Some of the universe's first stars might still be lighting up their corners of the cosmos, new computer models suggest. And finding these stellar oldies could reveal something about the nature of dark matter.
Dark matter is a mysterious substance scientists think accounts for most of the mass in the universe but that is invisible to current instruments. Theorists figure that in the universe's infancy, dark matter served as a gravitational rallying point around which normal matter-hydrogen, helium and lithium-gathered. These gases coalesced into the first stars, bringing light to the universe and ending the short-lived cosmic dark ages.
Meanwhile, researchers have been trying to figure out if dark matter is "cold" or "warm."
A star-formation model, detailed in the Sept. 14 issue of Science, suggests a way that scientists can choose between the two options. A third "hot" dark matter model has already been ruled out.
The research could also lead to more accurate estimates of how long after the theoretical Big Bang that the first stars began to shine and help explain how the most massive black holes form.
Dark matter's gravity anchored the first stars in place so they could form, but its energy affected how and where those stars were born, the new thinking goes. A popular candidate for dark matter is a relatively heavy particle known as the neutralino. The invisible particle would move slowly because of its heft so, borrowing the terminology of thermodynamics, scientists call it cold dark matter or CDM.
"'Cold' is a way of saying the particles have velocities that are slow compared to the speed of light," explained Volker Bromm, an astronomer at the University of Texas who was not involved in the study.
According to CDM models, dark matter would have spread across the universe in ripples, collapsing in small, nearly spherical structures and creating "wells" that drew in gases to form stars. As a result, the first stars would have been born in litters.
An alternative idea is that dark matter particles are very light and can zip through space more quickly.
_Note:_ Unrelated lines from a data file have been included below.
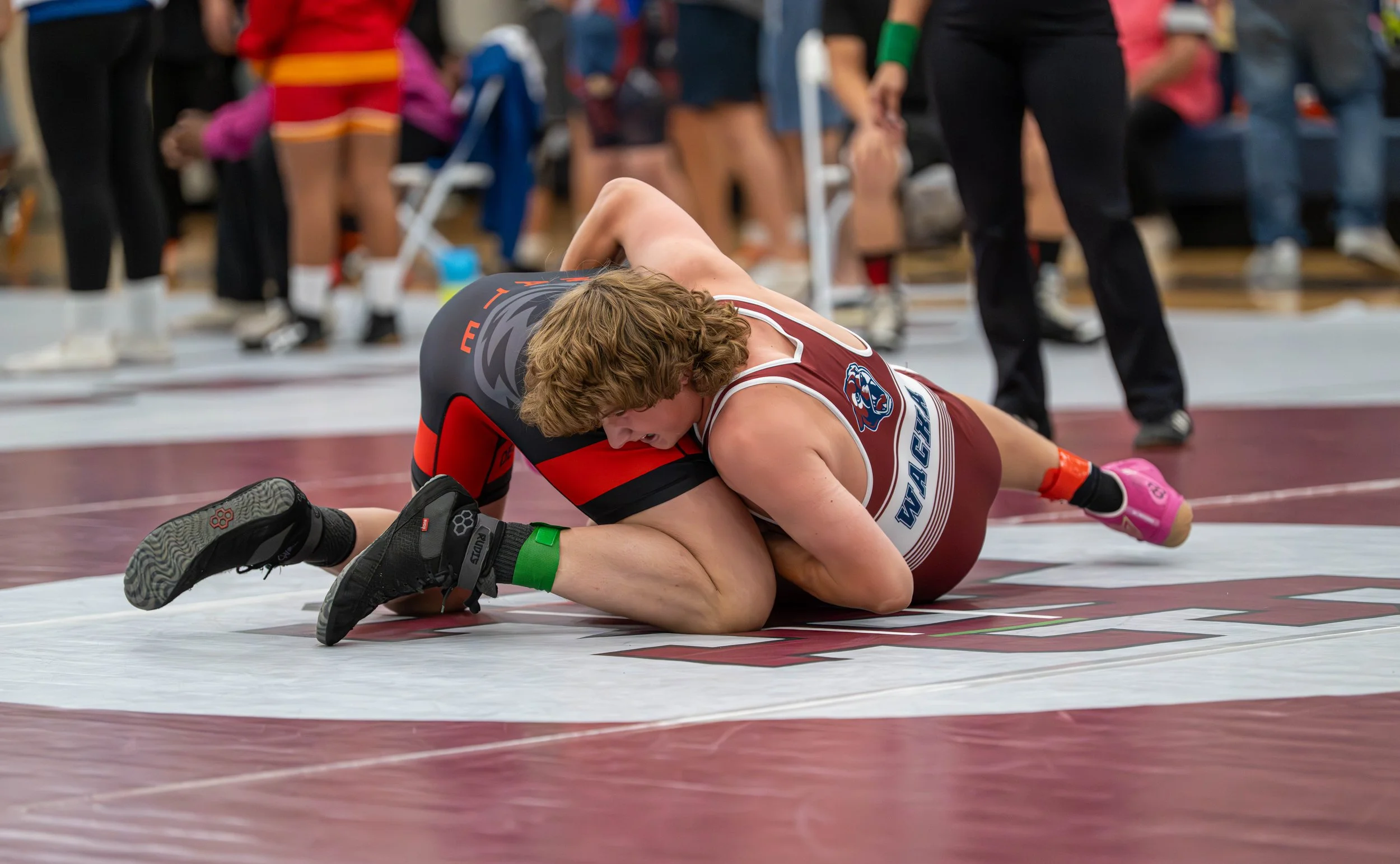 Two wrestlers competing on a wrestling mat, with one in a maroon singlet and the other in a black and red singlet, engaged in a match during a sporting event.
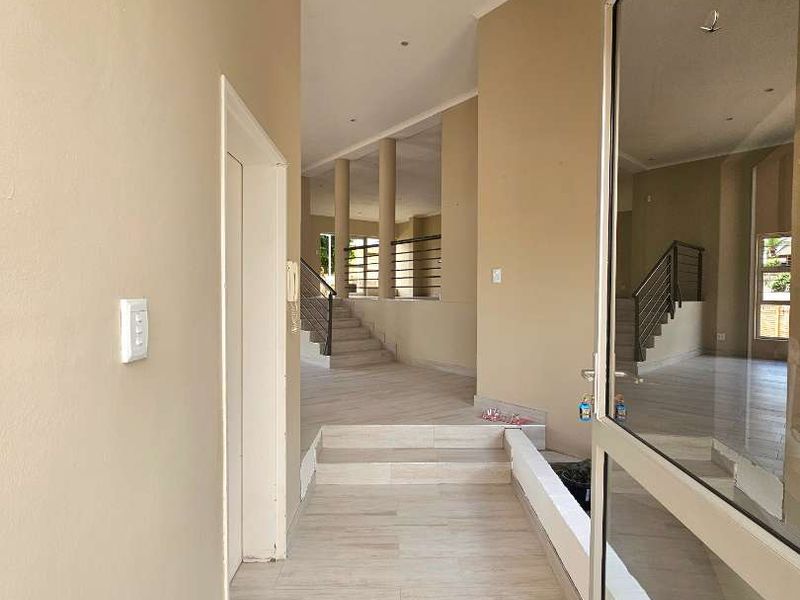 Spacious entrance hall featuring light-toned tiled flooring, recessed lighting, and an open-plan staircase with a modern metal balustrade leading to the upper level.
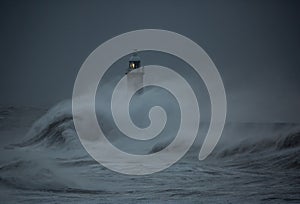 Storm Arwen batters the coastline at Tynemouth, England, with giant waves crashing against the lighthouse in the gale force winds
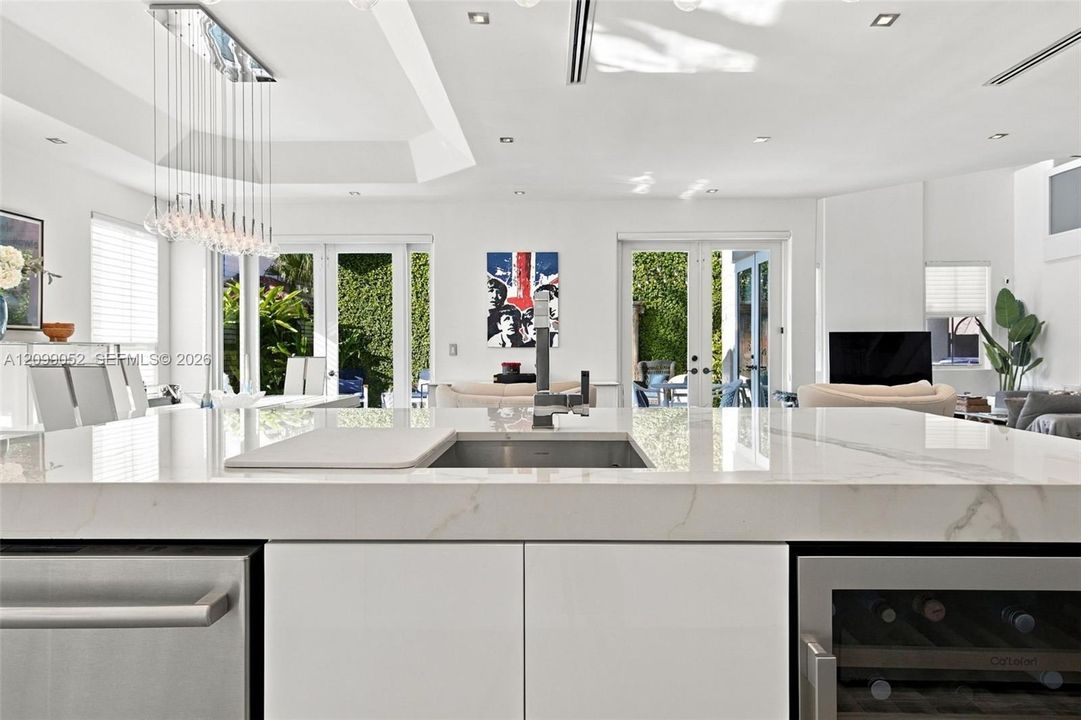 Kitchen island featuring a stone-look countertop, undermount sink with a high-arch faucet, built-in stainless steel dishwasher, integrated wine refrigerator, and minimalist flat-panel cabinetry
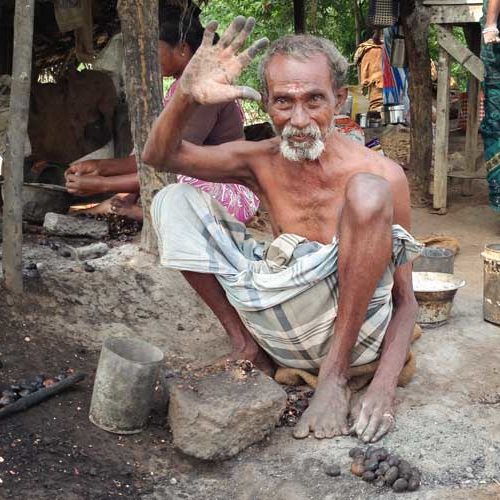 A shirtless, elderly South Indian man wearing a light coloured dhoti squats on the ground with his knees near his shoulders as he waves open-palmed to the camera. Unshelled roasted cashews and a grinding stone sit at his feet.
These warm dark matter models predict that instead of wells, dark matter formed long filamentary structures along which stars appeared like pearls on a string.
"The filaments would have been about 9,000 light-years long, which is about a quarter the size of the Milky Way," said study team member Liang Gao, of Durham University.
A "hot" dark matter model was popular for a while, but has been ruled out by observations. "If you have hot particles, they would move very rapidly, at the speed of light basically, and the universe would look very different," Bromm told SPACE.com.
Small but powerful
According to the CDM model, primordial stars were behemoths with masses of around 100 times that of the sun. They would have blazed brighter and faster than their descendents. As a result, they would have burned out long ago and none would exist today.
In contrast, the warm dark matter scenario predicts that the first stars averaged only 10 solar masses, and that some might have been even smaller. The lower a star's mass is, the longer its lifetime.
While giant stars from the CDM model would be long gone, some of the stellar runts predicted by the warm dark matter model might still be blazing away today and could be detected by future space telescopes.
"For a star to survive from the beginning of the universe to now, it would need to have a mass of one solar mass or less," Bromm said.
If scientists can find some of those stellar firstborns, it would support the warm dark matter model.
"If the dark matter is warm, some of these primordial stars should be lurking around our galaxy," said study team member Tom Theuns, also of Durham University.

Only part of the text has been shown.